■ **Given data**
• • • •

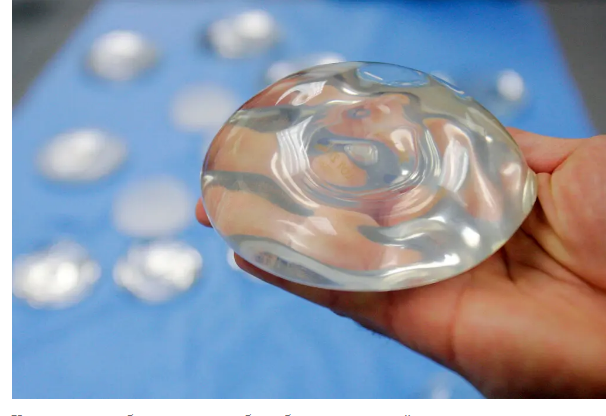 Грудные имплантаты могут быть связаны с дополнительными видами рака, предупреждает FDA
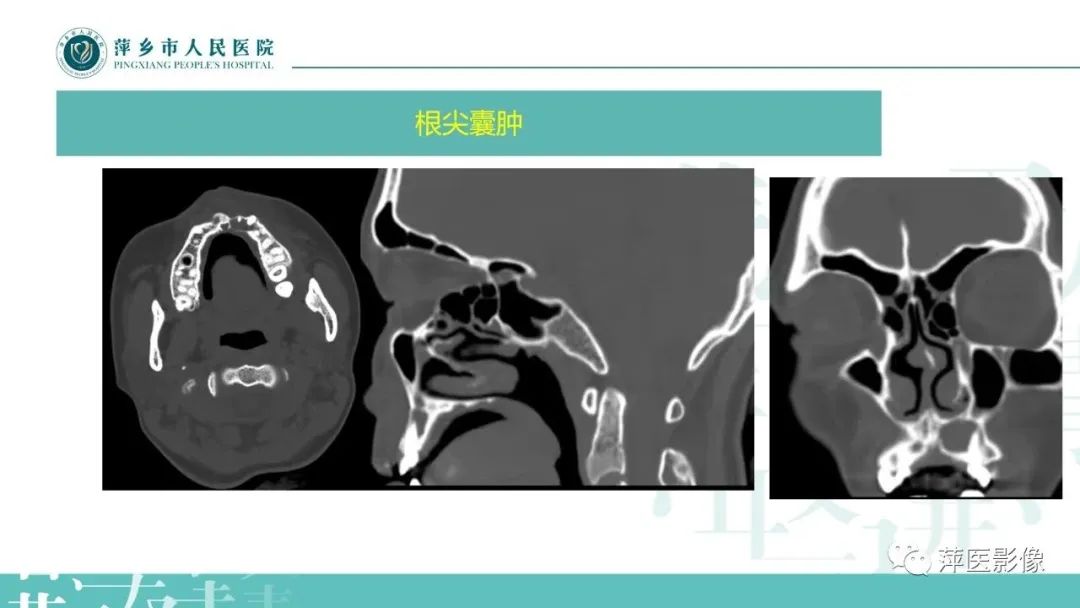 影像PPT - 【PPT】浅谈颌骨常见囊性病变-12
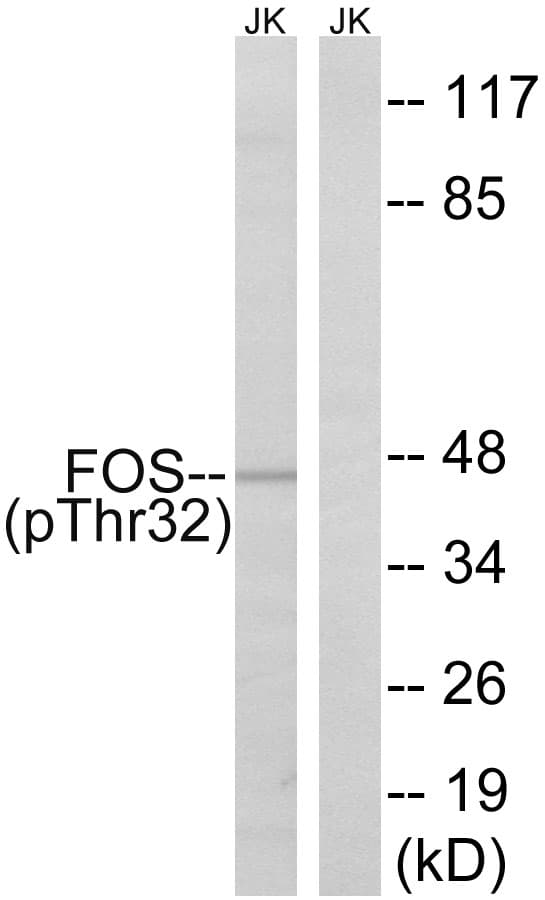FOS / c-FOS Antibody (phospho-Ser32)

• • • •

■ **Required work**
Please retype the whole listing above exactly, without any of its images.

■ **Answer to the exercise**
 Грудные имплантаты могут быть связаны с дополнительными видами рака, предупреждает FDA
 影像PPT - 【PPT】浅谈颌骨常见囊性病变-12
FOS / c-FOS Antibody (phospho-Ser32)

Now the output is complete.